ENTRIES PROVIDED:
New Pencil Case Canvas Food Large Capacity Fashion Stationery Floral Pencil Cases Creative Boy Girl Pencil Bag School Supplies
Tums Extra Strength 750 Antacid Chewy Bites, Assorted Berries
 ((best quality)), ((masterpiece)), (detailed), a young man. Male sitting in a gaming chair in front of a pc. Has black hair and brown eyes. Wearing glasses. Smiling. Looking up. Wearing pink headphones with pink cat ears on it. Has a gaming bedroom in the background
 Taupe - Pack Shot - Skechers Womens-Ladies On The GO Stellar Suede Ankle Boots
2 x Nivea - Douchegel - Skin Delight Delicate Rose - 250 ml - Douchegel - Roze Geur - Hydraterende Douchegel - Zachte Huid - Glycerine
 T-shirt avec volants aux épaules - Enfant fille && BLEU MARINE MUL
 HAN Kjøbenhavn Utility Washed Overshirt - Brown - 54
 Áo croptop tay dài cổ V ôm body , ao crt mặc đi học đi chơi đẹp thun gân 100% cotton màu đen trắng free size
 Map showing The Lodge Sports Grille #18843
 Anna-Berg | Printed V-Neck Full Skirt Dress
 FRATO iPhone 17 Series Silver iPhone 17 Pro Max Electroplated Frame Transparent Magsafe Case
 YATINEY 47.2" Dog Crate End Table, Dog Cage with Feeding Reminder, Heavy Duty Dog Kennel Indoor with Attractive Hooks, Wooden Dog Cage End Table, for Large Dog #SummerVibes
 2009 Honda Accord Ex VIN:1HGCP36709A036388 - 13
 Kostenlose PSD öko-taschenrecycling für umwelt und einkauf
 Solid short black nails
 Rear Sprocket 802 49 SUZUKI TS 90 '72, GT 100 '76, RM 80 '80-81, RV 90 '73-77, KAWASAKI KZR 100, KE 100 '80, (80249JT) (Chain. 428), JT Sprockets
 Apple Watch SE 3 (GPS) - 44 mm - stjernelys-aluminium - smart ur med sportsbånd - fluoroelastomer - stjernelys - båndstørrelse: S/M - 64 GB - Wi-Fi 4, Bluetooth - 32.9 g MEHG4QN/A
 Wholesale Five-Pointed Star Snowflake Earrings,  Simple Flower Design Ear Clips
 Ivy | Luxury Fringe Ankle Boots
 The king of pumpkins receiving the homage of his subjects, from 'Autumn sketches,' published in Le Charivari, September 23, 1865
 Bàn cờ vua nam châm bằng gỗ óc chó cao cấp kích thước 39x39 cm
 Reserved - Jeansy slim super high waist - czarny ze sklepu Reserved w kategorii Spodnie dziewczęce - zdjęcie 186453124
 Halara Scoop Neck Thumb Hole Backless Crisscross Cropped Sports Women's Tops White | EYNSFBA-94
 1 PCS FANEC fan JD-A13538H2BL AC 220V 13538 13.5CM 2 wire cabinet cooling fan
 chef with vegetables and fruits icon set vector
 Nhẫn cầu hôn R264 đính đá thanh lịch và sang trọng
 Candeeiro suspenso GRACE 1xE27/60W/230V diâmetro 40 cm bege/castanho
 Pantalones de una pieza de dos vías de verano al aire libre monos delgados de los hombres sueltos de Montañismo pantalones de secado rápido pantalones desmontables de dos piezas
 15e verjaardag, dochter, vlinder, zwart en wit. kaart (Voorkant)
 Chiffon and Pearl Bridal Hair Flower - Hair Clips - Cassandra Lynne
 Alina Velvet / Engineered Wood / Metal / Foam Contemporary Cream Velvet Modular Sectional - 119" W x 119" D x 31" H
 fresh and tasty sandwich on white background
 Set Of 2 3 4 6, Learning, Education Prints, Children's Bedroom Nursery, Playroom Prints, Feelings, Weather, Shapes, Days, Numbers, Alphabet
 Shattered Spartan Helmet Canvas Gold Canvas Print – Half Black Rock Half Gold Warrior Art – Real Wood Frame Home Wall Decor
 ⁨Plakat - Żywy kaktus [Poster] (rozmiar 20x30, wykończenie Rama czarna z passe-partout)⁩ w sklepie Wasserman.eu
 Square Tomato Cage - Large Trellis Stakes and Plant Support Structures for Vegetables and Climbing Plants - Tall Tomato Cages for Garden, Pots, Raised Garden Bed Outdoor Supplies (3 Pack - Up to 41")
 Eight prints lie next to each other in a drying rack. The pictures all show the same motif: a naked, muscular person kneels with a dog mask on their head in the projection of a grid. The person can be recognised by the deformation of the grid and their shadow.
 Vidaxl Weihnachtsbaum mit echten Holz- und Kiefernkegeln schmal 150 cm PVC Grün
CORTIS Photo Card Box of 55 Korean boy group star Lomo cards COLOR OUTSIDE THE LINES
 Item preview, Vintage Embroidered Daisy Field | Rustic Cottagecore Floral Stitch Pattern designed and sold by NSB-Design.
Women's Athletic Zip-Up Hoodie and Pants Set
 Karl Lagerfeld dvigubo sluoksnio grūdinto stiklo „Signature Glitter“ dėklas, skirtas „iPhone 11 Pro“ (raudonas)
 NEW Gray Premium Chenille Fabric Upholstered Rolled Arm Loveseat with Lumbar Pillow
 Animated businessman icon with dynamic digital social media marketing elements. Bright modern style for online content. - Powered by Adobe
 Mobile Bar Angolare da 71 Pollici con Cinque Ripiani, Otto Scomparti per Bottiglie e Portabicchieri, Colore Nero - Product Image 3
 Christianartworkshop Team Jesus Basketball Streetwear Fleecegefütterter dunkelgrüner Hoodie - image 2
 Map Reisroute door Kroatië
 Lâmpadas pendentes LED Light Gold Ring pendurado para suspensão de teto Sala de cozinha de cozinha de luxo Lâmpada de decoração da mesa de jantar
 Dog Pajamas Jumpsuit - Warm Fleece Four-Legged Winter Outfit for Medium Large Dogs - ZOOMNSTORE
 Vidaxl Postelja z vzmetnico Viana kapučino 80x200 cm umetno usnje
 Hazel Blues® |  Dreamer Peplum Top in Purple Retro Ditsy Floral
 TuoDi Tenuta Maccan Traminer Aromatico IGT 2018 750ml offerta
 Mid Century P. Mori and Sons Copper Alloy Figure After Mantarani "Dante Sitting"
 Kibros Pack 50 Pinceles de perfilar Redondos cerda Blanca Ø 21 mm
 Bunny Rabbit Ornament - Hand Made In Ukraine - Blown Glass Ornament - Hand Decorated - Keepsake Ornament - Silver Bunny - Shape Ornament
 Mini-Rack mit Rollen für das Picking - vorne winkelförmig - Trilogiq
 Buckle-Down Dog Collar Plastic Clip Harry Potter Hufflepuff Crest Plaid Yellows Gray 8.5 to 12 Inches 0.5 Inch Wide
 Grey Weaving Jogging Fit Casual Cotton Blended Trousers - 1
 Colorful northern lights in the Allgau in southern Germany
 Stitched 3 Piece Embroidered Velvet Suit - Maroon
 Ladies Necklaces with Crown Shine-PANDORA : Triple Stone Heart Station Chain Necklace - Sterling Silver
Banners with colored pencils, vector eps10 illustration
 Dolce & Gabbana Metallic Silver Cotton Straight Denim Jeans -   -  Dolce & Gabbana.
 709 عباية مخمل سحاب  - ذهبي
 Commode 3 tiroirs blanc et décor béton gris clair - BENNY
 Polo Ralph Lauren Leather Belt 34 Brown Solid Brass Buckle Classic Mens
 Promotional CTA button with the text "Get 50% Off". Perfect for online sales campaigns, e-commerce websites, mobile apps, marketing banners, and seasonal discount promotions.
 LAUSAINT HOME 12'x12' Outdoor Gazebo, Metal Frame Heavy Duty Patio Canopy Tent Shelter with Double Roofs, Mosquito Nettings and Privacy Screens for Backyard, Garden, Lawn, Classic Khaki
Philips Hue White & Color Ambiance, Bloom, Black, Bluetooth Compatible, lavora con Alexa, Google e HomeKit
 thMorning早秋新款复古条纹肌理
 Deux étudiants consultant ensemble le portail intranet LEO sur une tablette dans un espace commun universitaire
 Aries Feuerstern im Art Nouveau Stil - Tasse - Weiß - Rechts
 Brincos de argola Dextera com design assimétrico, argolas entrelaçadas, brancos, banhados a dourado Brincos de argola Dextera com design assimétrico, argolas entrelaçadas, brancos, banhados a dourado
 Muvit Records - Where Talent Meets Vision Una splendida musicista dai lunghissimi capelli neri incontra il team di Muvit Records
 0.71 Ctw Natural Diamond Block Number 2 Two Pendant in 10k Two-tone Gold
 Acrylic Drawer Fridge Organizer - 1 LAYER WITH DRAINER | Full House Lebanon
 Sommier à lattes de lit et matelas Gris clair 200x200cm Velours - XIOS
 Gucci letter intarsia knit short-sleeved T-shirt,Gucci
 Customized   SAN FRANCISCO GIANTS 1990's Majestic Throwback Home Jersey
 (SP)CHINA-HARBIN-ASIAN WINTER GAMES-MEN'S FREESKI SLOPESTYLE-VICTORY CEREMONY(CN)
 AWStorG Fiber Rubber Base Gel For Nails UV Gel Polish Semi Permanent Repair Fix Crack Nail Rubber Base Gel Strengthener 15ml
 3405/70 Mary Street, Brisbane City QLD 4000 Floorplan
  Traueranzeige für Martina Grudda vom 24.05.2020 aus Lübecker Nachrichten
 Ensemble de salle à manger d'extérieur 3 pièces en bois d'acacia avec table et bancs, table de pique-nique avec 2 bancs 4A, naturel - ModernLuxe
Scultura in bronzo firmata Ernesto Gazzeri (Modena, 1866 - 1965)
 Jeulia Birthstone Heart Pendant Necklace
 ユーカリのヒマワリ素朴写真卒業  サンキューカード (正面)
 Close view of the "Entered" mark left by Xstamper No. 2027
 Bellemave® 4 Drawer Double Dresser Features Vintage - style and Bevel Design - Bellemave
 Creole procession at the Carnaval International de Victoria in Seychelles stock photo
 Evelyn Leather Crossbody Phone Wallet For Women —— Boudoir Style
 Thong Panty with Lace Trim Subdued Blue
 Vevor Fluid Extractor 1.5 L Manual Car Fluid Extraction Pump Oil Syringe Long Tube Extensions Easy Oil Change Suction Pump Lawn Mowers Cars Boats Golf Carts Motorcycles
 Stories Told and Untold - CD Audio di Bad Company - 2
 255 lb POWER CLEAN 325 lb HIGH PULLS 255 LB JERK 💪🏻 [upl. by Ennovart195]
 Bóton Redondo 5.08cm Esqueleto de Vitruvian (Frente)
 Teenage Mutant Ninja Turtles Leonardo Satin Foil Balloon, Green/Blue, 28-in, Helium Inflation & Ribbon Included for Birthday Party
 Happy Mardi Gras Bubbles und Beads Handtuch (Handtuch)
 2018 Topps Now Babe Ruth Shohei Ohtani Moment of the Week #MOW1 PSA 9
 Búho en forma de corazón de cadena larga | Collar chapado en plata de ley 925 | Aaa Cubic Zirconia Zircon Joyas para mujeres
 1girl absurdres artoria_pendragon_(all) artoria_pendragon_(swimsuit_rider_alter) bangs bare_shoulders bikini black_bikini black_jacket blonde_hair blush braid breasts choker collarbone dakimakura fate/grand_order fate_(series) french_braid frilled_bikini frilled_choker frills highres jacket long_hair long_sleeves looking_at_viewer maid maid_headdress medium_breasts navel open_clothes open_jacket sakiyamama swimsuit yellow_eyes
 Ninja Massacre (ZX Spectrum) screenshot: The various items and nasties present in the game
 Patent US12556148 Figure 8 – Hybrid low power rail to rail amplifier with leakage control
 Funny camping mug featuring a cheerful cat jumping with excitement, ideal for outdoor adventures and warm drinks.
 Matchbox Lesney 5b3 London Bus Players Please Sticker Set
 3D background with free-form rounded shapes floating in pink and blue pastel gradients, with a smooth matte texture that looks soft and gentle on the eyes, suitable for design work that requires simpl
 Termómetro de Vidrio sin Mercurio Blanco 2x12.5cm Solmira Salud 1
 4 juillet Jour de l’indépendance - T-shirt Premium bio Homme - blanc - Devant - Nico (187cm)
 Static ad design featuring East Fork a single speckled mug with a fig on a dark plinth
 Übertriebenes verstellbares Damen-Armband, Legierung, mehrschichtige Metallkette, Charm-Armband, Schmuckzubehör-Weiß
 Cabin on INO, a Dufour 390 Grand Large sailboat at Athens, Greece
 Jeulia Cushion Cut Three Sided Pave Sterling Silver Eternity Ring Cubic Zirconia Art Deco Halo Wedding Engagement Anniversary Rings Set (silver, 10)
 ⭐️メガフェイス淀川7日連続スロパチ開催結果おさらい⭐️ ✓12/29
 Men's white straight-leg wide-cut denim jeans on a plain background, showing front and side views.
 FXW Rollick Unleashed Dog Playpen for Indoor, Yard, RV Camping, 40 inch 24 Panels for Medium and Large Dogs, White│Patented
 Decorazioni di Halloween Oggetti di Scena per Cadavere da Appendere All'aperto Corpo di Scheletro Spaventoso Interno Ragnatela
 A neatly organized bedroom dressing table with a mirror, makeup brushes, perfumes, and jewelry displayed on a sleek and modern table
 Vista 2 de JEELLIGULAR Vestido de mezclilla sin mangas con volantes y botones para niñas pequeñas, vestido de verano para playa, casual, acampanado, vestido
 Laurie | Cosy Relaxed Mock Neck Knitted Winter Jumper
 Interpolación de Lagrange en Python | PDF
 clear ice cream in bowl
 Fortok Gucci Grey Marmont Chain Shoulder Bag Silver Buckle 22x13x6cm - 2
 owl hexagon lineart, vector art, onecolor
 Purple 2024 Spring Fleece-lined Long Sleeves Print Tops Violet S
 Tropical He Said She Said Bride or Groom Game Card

PROBLEM:
Start with the line above that contains "Dolce & Gabbana Metallic" and end with the line that contains "Polo Ralph Lauren". Write out those lines exactly, and only those.

FINISHED EXERCISE:
 Dolce & Gabbana Metallic Silver Cotton Straight Denim Jeans -   -  Dolce & Gabbana.
 709 عباية مخمل سحاب  - ذهبي
 Commode 3 tiroirs blanc et décor béton gris clair - BENNY
 Polo Ralph Lauren Leather Belt 34 Brown Solid Brass Buckle Classic Mens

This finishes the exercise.